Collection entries
[Start of Attachment]

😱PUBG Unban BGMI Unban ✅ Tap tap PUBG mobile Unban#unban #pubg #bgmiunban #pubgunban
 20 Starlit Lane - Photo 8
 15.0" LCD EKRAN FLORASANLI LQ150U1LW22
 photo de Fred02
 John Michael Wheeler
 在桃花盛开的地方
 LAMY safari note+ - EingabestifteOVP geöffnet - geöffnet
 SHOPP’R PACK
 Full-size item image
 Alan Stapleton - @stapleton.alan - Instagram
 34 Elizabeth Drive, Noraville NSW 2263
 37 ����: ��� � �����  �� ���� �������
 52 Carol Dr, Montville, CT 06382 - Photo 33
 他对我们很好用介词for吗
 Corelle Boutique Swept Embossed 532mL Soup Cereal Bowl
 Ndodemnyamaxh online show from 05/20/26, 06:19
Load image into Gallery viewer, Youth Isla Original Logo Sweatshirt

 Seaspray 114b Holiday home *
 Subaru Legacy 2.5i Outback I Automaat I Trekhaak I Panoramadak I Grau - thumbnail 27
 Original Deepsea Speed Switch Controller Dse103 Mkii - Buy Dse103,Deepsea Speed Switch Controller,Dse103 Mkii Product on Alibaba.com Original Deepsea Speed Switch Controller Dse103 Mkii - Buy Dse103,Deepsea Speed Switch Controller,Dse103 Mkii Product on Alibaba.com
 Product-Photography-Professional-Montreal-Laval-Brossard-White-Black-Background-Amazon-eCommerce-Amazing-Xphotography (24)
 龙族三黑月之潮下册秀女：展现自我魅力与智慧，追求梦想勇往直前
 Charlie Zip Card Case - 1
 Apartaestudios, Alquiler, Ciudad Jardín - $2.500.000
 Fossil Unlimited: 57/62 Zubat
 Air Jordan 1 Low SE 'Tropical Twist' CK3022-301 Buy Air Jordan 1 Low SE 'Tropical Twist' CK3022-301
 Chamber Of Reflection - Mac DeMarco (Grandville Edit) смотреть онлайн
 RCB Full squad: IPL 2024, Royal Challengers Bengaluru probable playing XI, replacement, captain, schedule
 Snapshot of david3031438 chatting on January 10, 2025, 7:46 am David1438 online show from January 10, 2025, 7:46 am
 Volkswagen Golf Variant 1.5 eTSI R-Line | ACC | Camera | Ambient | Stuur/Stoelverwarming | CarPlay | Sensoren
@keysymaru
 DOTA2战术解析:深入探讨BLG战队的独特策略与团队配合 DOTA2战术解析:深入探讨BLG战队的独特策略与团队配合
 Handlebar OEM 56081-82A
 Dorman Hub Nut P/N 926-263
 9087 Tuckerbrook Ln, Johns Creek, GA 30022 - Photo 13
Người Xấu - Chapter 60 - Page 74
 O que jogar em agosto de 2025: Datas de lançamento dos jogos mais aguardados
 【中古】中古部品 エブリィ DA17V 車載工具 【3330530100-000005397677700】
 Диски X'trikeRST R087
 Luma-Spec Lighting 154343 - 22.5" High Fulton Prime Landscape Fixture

[End of Attachment]

- [Task description]: Every line above from the line with "LAMY safari note+" to the line with "Seaspray 114b Holiday home *", inclusive, must be returned exactly; no other line belongs in the reply.

- [Reply]:
 LAMY safari note+ - EingabestifteOVP geöffnet - geöffnet
 SHOPP’R PACK
 Full-size item image
 Alan Stapleton - @stapleton.alan - Instagram
 34 Elizabeth Drive, Noraville NSW 2263
 37 ����: ��� � �����  �� ���� �������
 52 Carol Dr, Montville, CT 06382 - Photo 33
 他对我们很好用介词for吗
 Corelle Boutique Swept Embossed 532mL Soup Cereal Bowl
 Ndodemnyamaxh online show from 05/20/26, 06:19
Load image into Gallery viewer, Youth Isla Original Logo Sweatshirt

 Seaspray 114b Holiday home *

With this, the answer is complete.